Kisah ini merupakan bagian ke-9 dari serial “Negeri Kelelawar”. Yang belum sempat membaca, silakan nikmati dulu kisah Menagih Janji Politisi di Negeri Kelelawar (1)Ontran-ontran di Negeri Kelelawar (2)Situasi Chaos di Negeri Kelelawar Makin Parah (3)Angin Reformasi Berhembus Juga di Negeri Kelelawar (4)Menyiasati Kecamuk Separatisme di Negeri Kelelawar (5), Kekuasaan Negeri Kelelawar dalam Kepungan Ambisi Petualang Politik (6), Isu Dekrit Presiden di Negeri Kelelawar (7), dan Premanisme Merajalela di Negeri Kelelawar (8) ***

kelelawarSetelah dihajar preman dari berbagai lapis dan lini, rakyat negeri Kelelawar belum juga terbebas dari ancaman rasa takut. Bukan hanya preman-preman liar yang harus mereka hadapi, melainkan juga preman-preman berdasi yang nongkrong di berbagai birokrasi. Dalam menjalankan aksinya, para preman jelas sudah sangat mahir memasang strategi. Konon, keahlian mereka setingkat lebih tinggi ketimbang aparat keamanan, sehingga jejaknya sulit terendus. Mereka dikenal piawai memasang jerat dan perangkap, sehingga selalu lolos dari incaran hukum.
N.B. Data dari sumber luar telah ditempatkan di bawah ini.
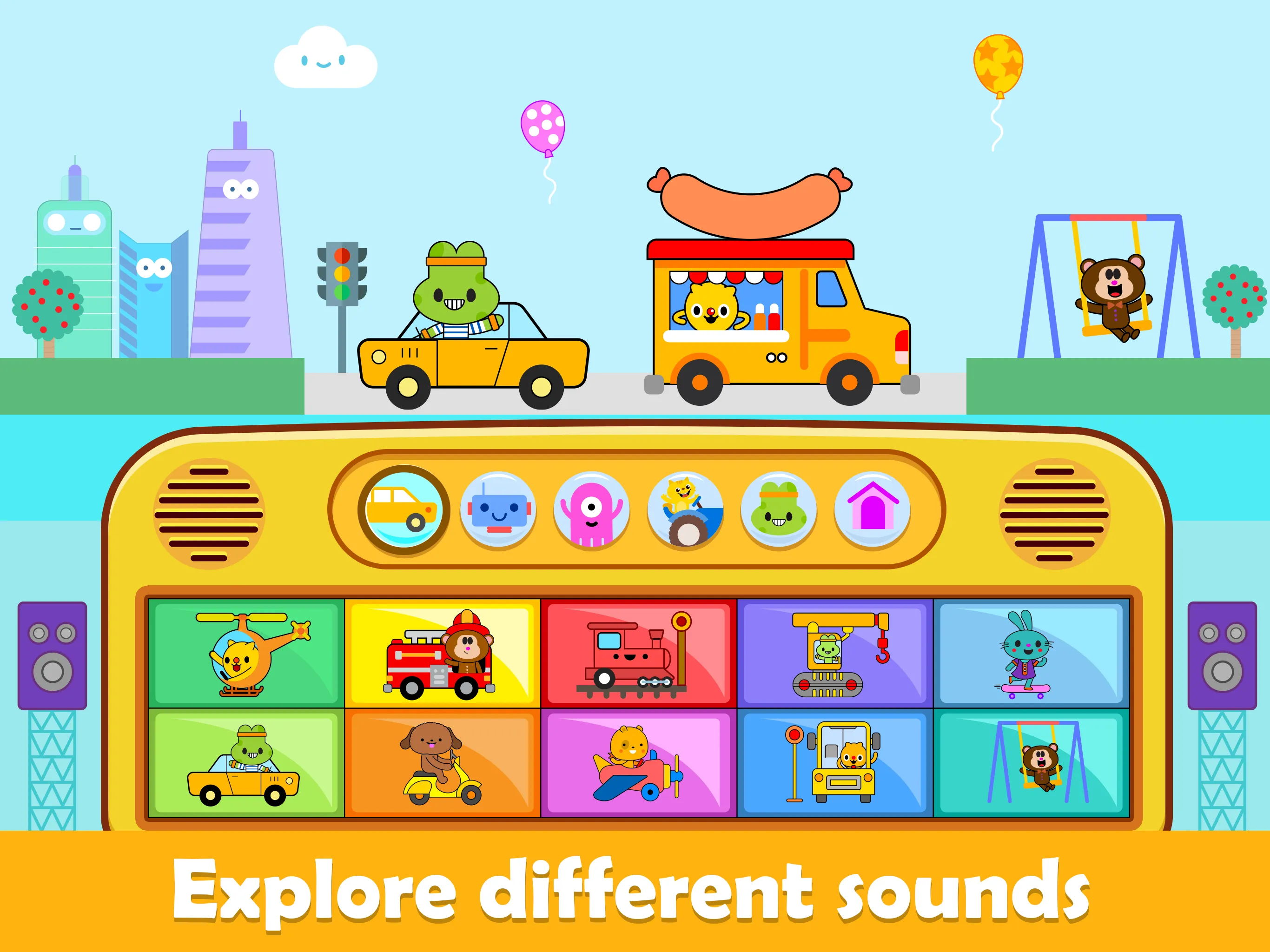 Toddler Piano and Music Games | Indus Appstore | Screenshot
Dunia pendidikan di negeri kelelawar pun tak luput dari tingkah usil preman-preman liar. Ada yang menduga, para bromocorah yang menyusup ke dalam dunia pendidikan itu sengaja digerakkan oleh sebuah kekuatan besar yang ingin menghancurkan masa depan anak-anak negeri kelelawar. Anak-anak yang sedang gencar memburu ilmu di bangku pendidikan, sengaja dicuci otaknya dan dimandulkan kreativitasnya agar kelak menjadi generasi penurut dan kehilangan sikap kritis terhadap penguasa. Melalui grand-design semacam itu, para penguasa akan bisa leluasa mengatur dan mengelola negeri kelelawar sesuai dengan kepentingan dirinya dan kroni-kroninya.
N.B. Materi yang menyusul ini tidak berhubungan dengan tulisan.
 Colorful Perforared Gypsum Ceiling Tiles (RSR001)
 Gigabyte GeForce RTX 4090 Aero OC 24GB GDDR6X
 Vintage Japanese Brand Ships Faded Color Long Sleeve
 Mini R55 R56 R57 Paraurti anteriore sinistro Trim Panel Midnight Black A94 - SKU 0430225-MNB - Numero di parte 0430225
Kata sahibul hikayat, penguasa negeri kelelawar hanya pintar membuat undang-undang. Visi para pendiri negeri yang jelas-jelas tercantum dalam “kitab suci” negara pun telah berubah menjadi jargon dan retorika belaka. Tujuan hidup berbangsa dan bernegara untuk mencerdaskan kehidupan bangsa dan melindungi segenap tumpah darah negeri kelelawar hanya menjadi hafalan penguasa ketika sedang berpidato. Mereka memang dikenal pintar berorasi, tapi nihil implementasi. Tidak menyatunya kata dan tindakan sudah menjadi budaya yang mengakar dan berlapis-lapis. Mereka yang pintar berpidato dan lincah bersilat lidahlah yang bakal mampu menyihir dan menghipnotis rakyat negeri kelelawar untuk sendika dhawuh terhadap apa yang dikatakan.
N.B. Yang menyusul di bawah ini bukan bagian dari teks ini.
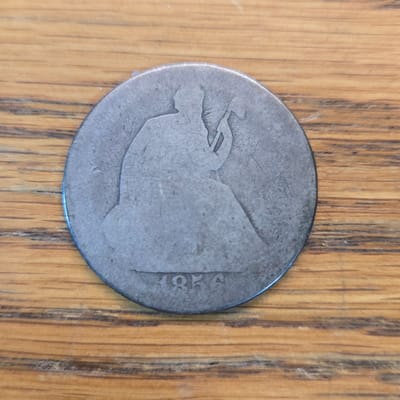1856-o seated liberty half dollar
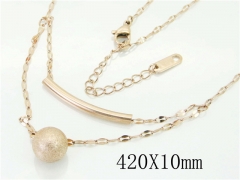 HY Wholesale Stainless Steel 316L Jewelry Necklaces-HY19N0337OQ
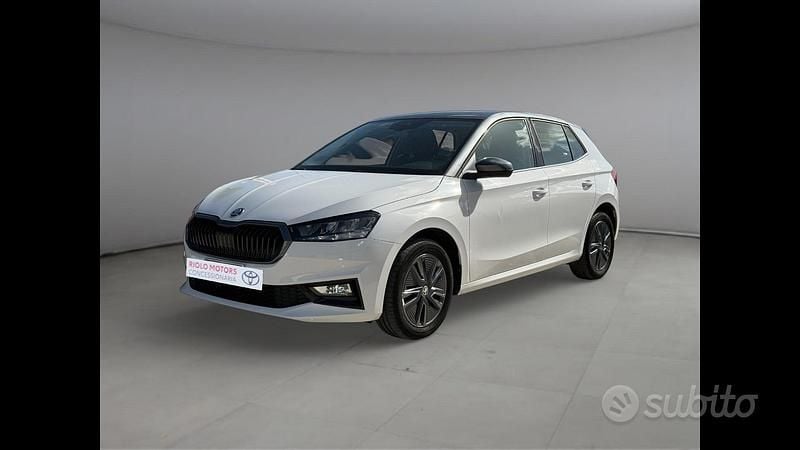 Usata Skoda Fabia Style 2023 Bianco Utilitaria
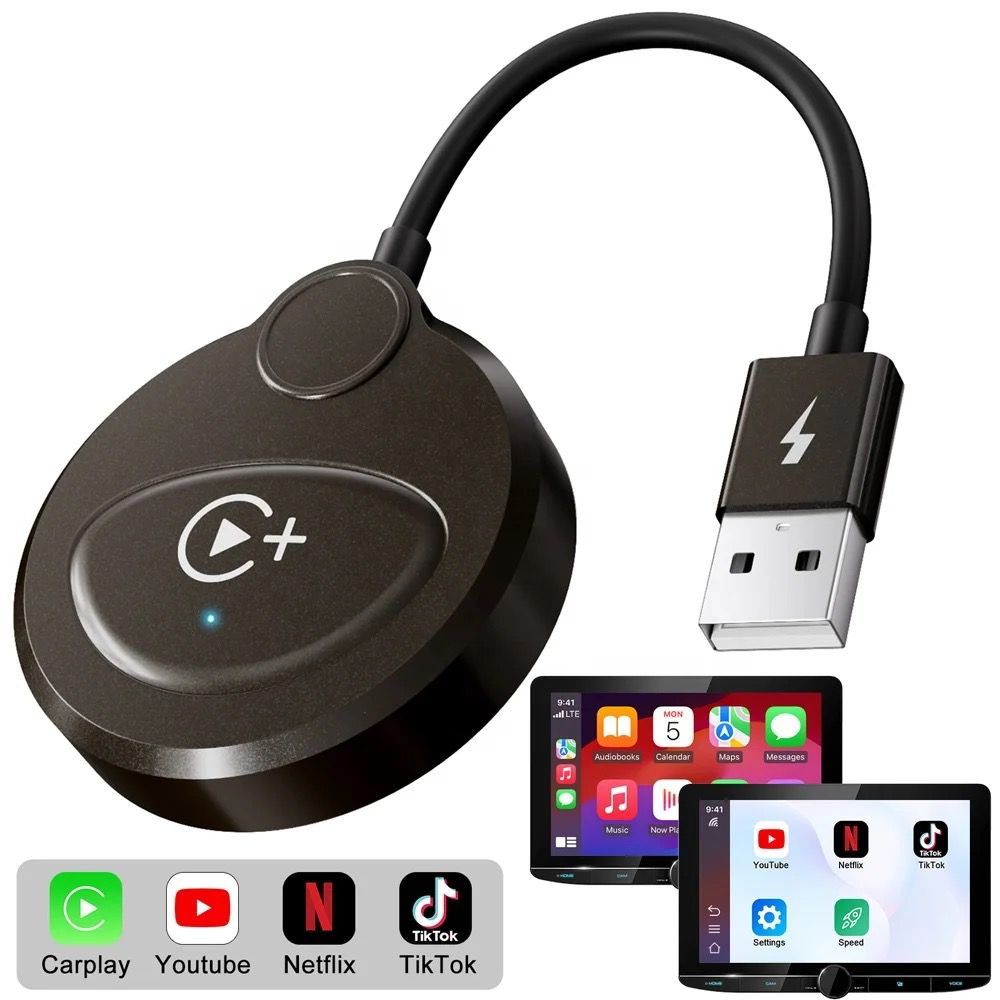 Carplay Wireless, Youtube auto [6]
“Negeri kita sedang mengalami degradasi dalam soal martabat dan kehormatan. Kita gampang dipermainkan negeri seberang karena penguasa negeri ini gagal mengelola negara,” teriak pengamat sosial. “Batasan-batasan teritorial dibiarkan terpuruk, padahal sudah lama dijadikan sebagai ajang permainan negeri lain. Yang lebih menyedihkan, kelelawar yang mengadu nasib di negeri seberang diperlakukan seperti budak belian yang benar-benar telah kehilangan harga diri dan kehormatan. Ironisnya, penguasa terus-terusan bersikap diam, tanpa ada upaya serius untuk menyelematkan mereka dari ladang pembantaian,” lanjutnya berapi-api.

“Pendidikan yang seharusnya menjadi panglima, telah berubah menjadi tungku kekuasaan, tempat membunuh anak-anak kelelawar bertalenta hebat. Betapa tidak! Ujian nasional yang seharusnya menjadi parameter untuk mengukur kompetensi murid yang sesungguhnya, tak lebih hanya sebuah label dan citraan yang menakutkan,” teriak pengamat pendidikan.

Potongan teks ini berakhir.